[ASSIGNMENT]
Among the entries that follow, find every line with the word "Case" and list it.
Content starts
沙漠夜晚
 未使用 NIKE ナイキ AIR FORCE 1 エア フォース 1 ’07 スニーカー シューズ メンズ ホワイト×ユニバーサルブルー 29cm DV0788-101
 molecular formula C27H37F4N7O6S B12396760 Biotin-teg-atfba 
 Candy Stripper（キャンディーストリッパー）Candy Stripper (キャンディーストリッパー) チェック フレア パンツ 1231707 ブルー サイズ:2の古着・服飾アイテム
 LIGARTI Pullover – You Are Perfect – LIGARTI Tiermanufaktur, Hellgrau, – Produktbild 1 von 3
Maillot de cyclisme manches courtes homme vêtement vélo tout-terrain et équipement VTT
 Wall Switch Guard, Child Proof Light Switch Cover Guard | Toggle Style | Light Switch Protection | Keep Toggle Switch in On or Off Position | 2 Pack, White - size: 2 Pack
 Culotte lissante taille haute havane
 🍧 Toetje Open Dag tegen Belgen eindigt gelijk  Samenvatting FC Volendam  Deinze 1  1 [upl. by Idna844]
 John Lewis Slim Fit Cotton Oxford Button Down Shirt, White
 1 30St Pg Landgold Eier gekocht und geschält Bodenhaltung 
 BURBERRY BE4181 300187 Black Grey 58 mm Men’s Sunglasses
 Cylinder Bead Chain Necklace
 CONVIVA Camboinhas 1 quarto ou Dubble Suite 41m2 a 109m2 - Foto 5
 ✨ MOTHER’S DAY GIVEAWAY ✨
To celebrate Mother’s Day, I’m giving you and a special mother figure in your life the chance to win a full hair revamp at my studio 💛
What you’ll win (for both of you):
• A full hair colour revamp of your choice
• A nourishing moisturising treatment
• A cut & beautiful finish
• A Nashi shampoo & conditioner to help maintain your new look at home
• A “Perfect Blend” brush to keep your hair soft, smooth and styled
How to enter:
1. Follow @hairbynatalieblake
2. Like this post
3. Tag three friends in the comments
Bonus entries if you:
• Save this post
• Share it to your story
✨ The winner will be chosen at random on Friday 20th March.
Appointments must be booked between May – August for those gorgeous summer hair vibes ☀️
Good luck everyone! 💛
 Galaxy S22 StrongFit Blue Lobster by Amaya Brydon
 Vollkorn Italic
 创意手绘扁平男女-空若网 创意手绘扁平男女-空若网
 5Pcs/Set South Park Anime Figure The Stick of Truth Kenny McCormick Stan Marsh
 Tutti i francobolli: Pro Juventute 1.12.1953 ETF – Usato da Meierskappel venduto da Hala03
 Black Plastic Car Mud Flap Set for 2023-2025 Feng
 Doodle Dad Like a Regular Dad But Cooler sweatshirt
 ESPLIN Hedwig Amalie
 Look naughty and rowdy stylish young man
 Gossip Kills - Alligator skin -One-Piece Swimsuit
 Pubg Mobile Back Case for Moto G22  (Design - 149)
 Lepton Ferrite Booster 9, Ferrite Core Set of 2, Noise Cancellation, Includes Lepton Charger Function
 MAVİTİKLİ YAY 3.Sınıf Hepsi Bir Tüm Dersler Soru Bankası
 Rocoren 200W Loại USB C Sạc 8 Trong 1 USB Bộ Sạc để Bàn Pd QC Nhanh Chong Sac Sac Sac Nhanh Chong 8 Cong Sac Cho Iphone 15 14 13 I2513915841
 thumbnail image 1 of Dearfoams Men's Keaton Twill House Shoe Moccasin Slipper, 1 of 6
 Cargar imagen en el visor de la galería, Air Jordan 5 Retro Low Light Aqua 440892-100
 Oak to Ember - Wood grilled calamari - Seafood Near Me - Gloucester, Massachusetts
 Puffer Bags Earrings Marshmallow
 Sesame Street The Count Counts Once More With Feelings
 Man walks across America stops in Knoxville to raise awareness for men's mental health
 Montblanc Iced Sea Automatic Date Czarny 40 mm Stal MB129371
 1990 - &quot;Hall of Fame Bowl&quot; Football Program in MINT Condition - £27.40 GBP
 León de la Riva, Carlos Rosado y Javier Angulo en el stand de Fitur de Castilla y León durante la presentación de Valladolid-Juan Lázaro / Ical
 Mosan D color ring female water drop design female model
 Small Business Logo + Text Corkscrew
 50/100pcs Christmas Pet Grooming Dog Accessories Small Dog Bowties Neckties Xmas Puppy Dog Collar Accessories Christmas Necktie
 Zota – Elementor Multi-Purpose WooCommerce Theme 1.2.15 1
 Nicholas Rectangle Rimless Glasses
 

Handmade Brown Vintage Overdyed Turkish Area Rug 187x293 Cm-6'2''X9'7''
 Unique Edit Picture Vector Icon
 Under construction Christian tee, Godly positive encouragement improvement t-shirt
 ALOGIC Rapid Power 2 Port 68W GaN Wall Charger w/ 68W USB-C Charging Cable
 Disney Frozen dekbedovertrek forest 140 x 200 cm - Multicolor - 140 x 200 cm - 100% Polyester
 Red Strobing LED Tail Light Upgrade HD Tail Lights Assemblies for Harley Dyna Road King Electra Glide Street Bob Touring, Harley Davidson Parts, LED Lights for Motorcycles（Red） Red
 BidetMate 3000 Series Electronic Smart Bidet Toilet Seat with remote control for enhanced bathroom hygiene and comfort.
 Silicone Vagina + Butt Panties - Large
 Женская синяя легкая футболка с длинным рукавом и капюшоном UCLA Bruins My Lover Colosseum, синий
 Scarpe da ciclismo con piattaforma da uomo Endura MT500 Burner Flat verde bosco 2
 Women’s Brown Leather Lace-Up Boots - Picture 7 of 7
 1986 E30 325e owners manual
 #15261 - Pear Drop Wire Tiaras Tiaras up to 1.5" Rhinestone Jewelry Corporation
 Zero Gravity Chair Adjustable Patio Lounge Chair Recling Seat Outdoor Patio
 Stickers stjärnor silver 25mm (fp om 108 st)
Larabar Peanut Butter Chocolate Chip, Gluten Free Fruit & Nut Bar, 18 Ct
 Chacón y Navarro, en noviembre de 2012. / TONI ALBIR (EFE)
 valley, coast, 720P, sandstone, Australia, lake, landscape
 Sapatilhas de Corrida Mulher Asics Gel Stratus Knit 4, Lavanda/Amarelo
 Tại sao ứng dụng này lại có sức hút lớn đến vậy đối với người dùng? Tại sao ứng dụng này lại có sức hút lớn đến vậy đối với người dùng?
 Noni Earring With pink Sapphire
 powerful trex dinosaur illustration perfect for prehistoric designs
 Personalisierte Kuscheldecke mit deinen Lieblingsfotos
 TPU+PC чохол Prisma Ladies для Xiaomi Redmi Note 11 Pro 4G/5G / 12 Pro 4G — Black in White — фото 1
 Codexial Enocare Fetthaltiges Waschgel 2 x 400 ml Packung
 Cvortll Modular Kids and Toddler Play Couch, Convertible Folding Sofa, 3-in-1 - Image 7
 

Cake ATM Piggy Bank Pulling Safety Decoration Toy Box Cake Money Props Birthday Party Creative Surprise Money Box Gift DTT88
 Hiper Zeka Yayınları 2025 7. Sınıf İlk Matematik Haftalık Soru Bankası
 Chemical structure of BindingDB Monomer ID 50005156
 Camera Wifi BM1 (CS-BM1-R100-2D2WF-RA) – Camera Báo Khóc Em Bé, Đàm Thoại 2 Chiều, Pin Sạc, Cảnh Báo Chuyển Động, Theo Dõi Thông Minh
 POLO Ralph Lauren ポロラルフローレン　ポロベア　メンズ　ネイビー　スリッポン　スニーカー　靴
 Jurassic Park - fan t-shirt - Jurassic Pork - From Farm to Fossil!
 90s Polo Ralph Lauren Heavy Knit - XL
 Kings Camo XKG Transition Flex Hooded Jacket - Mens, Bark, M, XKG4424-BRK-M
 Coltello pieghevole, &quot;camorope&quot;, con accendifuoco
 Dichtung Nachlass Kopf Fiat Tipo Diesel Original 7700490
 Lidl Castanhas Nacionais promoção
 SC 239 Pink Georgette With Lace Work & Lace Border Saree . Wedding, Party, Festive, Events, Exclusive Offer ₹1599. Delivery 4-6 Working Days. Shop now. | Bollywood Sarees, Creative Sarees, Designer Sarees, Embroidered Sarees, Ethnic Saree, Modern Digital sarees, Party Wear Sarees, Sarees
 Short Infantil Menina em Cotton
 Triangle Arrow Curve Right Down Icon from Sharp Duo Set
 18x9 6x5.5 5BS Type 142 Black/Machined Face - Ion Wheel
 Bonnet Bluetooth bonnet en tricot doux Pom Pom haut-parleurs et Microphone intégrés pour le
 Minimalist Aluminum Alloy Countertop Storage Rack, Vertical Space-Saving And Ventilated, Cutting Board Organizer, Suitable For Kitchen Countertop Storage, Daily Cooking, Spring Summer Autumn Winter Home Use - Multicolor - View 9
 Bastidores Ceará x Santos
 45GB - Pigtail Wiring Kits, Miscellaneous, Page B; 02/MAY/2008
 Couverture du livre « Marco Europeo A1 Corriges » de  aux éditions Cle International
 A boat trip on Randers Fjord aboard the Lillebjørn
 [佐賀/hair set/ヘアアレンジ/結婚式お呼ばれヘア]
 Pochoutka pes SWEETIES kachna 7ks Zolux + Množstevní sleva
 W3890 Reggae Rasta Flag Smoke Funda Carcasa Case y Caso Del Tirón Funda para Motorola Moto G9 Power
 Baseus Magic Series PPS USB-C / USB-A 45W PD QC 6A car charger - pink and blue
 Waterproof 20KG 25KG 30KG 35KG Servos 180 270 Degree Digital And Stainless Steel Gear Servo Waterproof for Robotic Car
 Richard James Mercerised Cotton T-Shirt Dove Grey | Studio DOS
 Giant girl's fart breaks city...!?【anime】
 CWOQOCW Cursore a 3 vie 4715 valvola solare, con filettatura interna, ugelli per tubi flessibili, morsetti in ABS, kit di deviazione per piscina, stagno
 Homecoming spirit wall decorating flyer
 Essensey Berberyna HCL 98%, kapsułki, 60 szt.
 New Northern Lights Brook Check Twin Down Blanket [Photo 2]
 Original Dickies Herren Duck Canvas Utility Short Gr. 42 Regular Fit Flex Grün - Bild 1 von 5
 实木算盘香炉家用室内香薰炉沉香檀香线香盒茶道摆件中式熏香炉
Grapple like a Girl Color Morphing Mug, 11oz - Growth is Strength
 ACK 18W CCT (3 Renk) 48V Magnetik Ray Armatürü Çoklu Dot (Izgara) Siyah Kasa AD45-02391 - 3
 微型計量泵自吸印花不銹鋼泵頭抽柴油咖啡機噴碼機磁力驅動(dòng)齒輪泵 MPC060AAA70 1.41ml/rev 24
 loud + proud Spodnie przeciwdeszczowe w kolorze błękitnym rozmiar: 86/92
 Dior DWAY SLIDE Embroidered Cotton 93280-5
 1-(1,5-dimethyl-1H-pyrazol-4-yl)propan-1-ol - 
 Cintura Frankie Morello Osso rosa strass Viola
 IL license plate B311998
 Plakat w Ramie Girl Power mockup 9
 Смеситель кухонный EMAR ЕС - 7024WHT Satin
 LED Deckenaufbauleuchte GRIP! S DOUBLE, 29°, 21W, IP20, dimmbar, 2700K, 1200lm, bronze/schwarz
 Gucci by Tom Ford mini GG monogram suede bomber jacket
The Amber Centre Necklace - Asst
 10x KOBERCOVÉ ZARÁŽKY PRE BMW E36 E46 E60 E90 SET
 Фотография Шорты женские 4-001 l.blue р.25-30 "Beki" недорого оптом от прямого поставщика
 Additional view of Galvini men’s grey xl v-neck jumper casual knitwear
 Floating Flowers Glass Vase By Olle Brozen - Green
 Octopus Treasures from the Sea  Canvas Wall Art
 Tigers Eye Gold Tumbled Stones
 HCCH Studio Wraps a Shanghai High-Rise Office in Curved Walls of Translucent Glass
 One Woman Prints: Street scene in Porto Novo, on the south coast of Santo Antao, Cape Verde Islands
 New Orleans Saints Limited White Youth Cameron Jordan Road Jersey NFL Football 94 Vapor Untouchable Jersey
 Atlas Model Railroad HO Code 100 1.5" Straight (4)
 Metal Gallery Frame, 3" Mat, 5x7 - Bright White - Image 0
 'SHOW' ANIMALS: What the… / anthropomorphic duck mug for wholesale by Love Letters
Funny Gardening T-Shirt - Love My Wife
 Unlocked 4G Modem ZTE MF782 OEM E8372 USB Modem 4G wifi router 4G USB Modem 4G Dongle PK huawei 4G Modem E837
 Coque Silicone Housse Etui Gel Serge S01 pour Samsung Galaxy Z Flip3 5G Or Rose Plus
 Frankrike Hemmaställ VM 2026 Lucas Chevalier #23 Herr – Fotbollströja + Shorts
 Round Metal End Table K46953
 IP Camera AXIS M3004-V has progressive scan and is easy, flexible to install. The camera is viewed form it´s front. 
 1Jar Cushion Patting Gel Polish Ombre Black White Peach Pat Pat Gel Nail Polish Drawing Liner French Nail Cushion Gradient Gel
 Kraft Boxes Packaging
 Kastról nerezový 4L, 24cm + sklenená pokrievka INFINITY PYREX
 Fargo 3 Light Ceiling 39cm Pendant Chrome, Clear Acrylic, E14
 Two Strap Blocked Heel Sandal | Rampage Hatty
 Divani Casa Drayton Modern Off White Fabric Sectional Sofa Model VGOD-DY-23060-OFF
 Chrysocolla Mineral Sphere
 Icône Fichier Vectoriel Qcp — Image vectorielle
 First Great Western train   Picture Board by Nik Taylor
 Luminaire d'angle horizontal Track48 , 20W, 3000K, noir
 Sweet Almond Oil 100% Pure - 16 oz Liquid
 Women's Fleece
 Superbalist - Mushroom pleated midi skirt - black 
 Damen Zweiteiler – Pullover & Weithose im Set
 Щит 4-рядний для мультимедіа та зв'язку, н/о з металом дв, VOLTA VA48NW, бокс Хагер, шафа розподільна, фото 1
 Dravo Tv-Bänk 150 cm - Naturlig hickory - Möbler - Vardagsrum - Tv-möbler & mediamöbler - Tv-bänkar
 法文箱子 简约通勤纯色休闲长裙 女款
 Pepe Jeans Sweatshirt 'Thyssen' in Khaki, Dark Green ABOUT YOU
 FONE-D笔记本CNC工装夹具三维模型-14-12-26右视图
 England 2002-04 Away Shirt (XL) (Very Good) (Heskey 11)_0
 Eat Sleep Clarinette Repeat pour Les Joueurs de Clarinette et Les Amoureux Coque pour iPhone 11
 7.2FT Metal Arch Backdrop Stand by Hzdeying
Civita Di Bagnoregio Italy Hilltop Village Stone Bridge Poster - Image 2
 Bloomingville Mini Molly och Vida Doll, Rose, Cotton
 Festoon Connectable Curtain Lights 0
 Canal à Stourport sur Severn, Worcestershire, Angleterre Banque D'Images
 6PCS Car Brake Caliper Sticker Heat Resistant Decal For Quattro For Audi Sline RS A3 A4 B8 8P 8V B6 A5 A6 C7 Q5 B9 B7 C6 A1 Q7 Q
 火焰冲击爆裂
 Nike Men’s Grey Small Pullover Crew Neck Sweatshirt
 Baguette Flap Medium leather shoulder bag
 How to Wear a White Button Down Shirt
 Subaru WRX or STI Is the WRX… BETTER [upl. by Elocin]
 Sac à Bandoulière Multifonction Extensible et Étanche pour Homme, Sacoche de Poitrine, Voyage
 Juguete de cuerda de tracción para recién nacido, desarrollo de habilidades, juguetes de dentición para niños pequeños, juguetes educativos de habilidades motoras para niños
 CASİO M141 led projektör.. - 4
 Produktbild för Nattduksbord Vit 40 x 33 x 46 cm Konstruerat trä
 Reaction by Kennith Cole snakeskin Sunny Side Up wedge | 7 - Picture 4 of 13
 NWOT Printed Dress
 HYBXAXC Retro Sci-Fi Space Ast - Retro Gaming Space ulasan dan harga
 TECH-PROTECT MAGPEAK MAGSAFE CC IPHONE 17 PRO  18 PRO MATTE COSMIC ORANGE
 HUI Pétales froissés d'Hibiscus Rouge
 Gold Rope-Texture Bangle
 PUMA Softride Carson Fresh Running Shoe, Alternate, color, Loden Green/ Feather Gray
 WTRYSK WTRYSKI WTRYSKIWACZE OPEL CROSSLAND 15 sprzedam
Content ends
[EXERCISE ANSWER]
 Pubg Mobile Back Case for Moto G22  (Design - 149)
 W3890 Reggae Rasta Flag Smoke Funda Carcasa Case y Caso Del Tirón Funda para Motorola Moto G9 Power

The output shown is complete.